Monday, 29 June 2009
Argentine Wheat Crop May Fall To 6MMT - Exchange
The Argentine wheat crop may fall to 6 MMT this year, from 8.3 MMT last season say the Buenos Aires Grain Exchange, according to a report on Bloomberg (here). [Remember, the USDA is predicting 11 MMT]
That would be a huge reduction of almost two-thirds the production of just a couple of years ago, and potentially relegate Argentina to the role of a bit-part in international wheat trade in 2009/10.
And even this estimate looks ambitious.
Two thirds of the way through the optimal planting window of May/July, Argentine farmers had got just 923,000 hectares of wheat into the ground, according to the Exchange last week.
Yields last season averaged just 2 MT/hectare, even in the bumper year of 2007/08 they only managed 2.92 MT/hectare.
Monday, 29 June 2009
Could The USDA Have A Surprise In Store?
Tomorrow's USDA report is expected to show US soybean acres rising to 78.3 million according to the average trade guess, that's 2.3 million more than their original March estimate.
But the report could throw up a surprise according to Lanworth Inc., a company that uses satellite imagery to predict plantings.
Never heard of them? I hadn't until around a year or two ago, when I remember them coming out with what, at the time, seemed like a totally off-the-wall forecast for soybean plantings that went contrary to what the vast majority of the trade were predicting.
Subsequently, as I recall, their forecast was proven to be pretty much spot on, totally against what the usual suspects were saying.
They base their estimates on images and ground data for the top thirteen producing US soybean states which make up 80% of the nation's production.
For this season, Lanworth are predicting a US soybean area of 75.75 million hectares, a quarter of a million fall from the March report.
They're not a lone voice in the wilderness, the range of trade estimates covers a fairly wide area starting at 75.3 million, so somebody is also thinking along the same lines as Lanworth.
That someone is Alaron, the wholesale switch to soybeans "would mean tossing out expensive corn seed and fertilizers and repurchasing bean supplies.

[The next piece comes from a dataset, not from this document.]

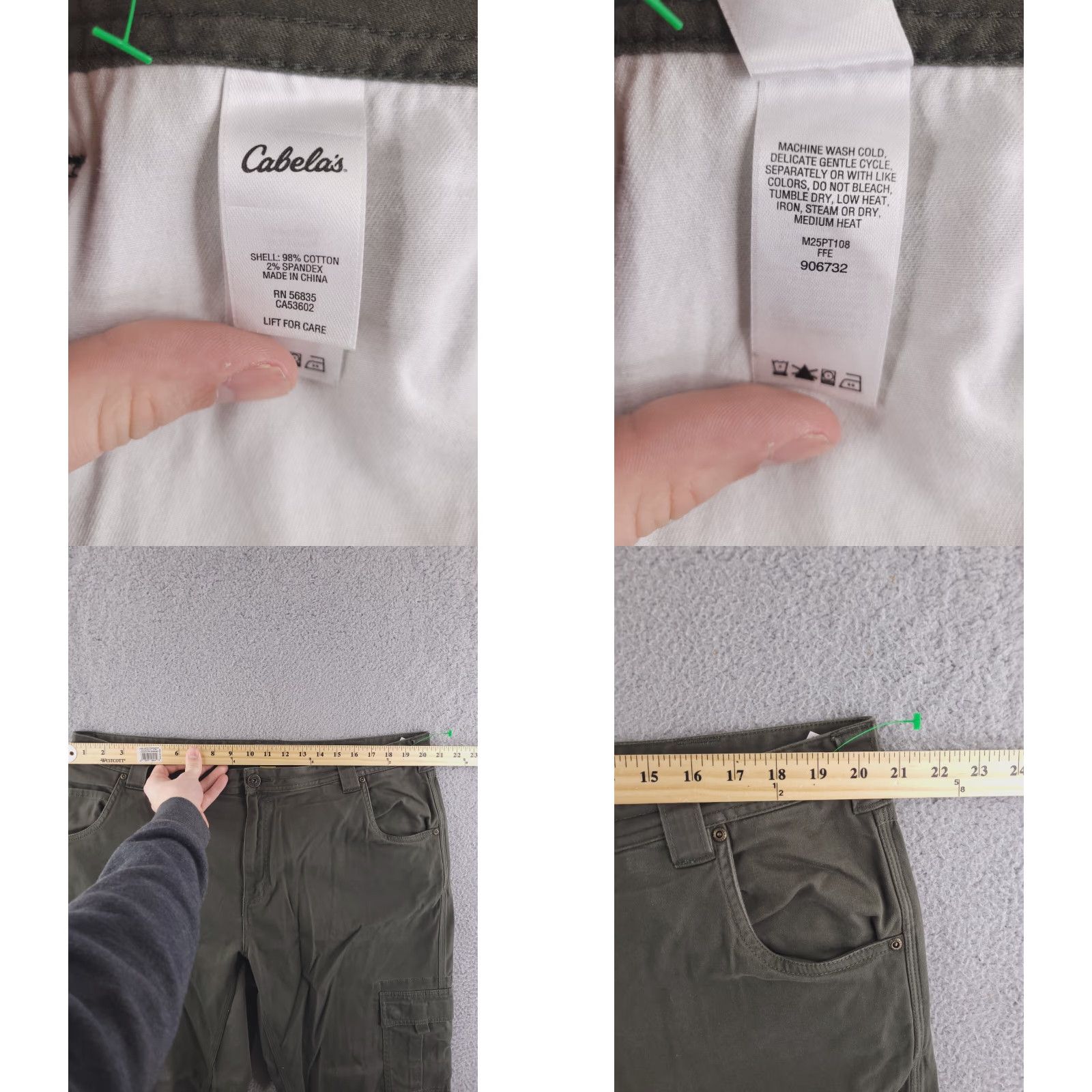Vintage Cabela's Pants Cargo Men 40x31 Green Army Military Work Regular Relaxed Front Flat Inseam 31" Size US 40 / EU 56 - 8 Thumbnail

Not likely," they say.
Tuesday, 30 June 2009
USDA Acreage Report: Well We Expected A Surprise
We certainly got one. Hot off the press, here are the magic numbers:
Whooooa there, where the hell did all those extra corn acres come from? Three million more than the average trade guess and an increase of two million on the March estimate, are you twisting my melons?

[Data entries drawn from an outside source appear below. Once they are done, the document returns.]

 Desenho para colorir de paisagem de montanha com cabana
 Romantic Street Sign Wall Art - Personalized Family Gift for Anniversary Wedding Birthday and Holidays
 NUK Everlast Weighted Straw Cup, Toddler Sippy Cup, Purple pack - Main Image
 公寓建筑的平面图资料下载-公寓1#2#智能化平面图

The bean acres, not a problem, 77 1/2 million, fine I can buy that. Spring wheat more acres than March? All wheat a million more acres than March, and a million over the highest trade estimate?

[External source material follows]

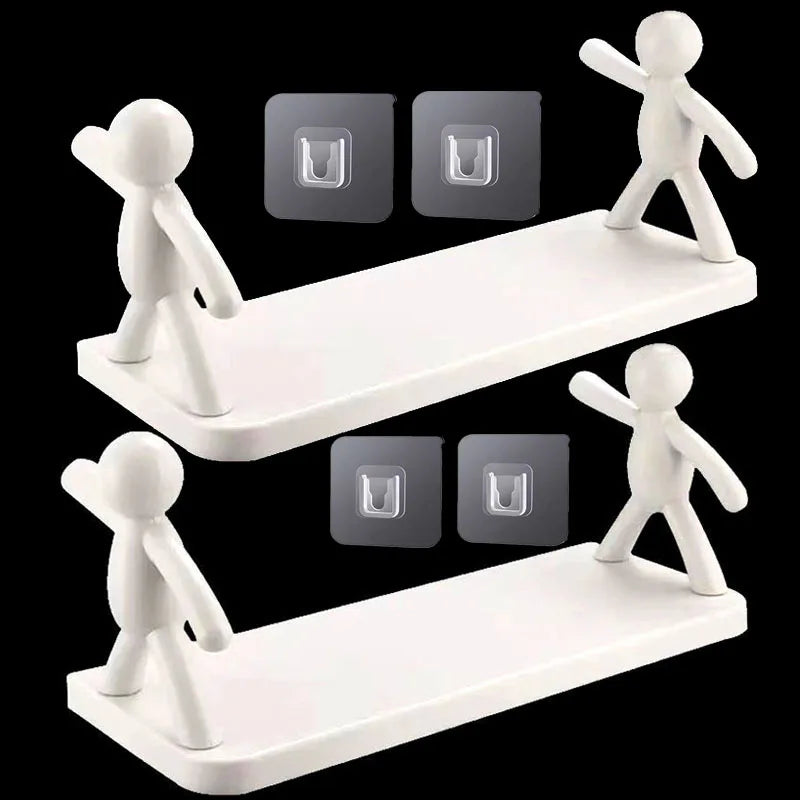 1PC 2PCS Self-adhesive Tape Buckle Holder Bathroom Shampoo Storage Racks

Who compiled these Bernie Madoff?
Tuesday, 30 June 2009
Do The USDA Know What They Are Doing?
It has to be open to question. They've just found a million more wheat acres, one and a half million more soybean acres AND two million more corn acres than they had in March. No losses just gains all round.
This is the same USDA we are talking about here who left Argy 2009/10 wheat production unchanged this month at 11 MMT, around a 30% increase in output on last year from around 30% fewer acres, in the midst of eighteen months of severe drought.
The same USDA whose global wheat ending stocks figure for 2009/10 is almost 15 MMT higher than that of the International Grains Council.
They are either a darn sight cleverer than Allendale, Informa and all the rest put together or there's another explanation. [Perhaps he is referring to *****Clear Evidence Of Wheat Manipulation*****]
I'll leave you to make your own minds up.
My reaction: I share Nogger's reaction to the USDA's Tuesday report.
1) The USDA has published some more ridiculous data.
2) Since January, the Southeast Iowa has had 26.79 inches of precipitation, which is 8.82 inches more than the 30-year average. The excessive rain and cool temperatures have hindered the development of corn plants' roots.
3) On June 24, Heavy winds and hail ravaged corn and soybean crops in northwest Iowa.
4) Uneven corn is somewhat common across west central Iowa, and one could expect a 5 to 25% yield hit.
5) the picture for Iowa soybeans isn't pretty this year.
Conclusion: The USDA is either unbelievably incompetent or dishonest.